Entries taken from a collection

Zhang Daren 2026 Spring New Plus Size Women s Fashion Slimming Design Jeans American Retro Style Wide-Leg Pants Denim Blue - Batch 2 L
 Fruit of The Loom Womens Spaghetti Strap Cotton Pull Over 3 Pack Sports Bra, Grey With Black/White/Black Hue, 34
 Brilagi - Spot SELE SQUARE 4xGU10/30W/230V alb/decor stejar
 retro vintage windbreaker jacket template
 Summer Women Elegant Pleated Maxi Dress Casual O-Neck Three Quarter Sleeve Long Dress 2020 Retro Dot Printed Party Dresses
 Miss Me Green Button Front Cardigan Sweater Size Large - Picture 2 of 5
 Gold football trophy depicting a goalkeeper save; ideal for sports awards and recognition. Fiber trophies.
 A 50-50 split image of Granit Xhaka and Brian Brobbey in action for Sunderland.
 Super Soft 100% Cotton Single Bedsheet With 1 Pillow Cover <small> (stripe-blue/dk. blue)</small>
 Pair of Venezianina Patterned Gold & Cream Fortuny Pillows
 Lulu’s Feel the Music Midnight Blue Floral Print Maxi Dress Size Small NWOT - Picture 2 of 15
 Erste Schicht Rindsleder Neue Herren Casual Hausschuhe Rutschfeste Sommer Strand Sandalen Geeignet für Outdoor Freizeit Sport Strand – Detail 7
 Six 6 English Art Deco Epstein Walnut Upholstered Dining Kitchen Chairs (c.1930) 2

» Task requirements
Go through the data and show every line where "Casual" occurs.

» Written solution
 Summer Women Elegant Pleated Maxi Dress Casual O-Neck Three Quarter Sleeve Long Dress 2020 Retro Dot Printed Party Dresses
 Erste Schicht Rindsleder Neue Herren Casual Hausschuhe Rutschfeste Sommer Strand Sandalen Geeignet für Outdoor Freizeit Sport Strand – Detail 7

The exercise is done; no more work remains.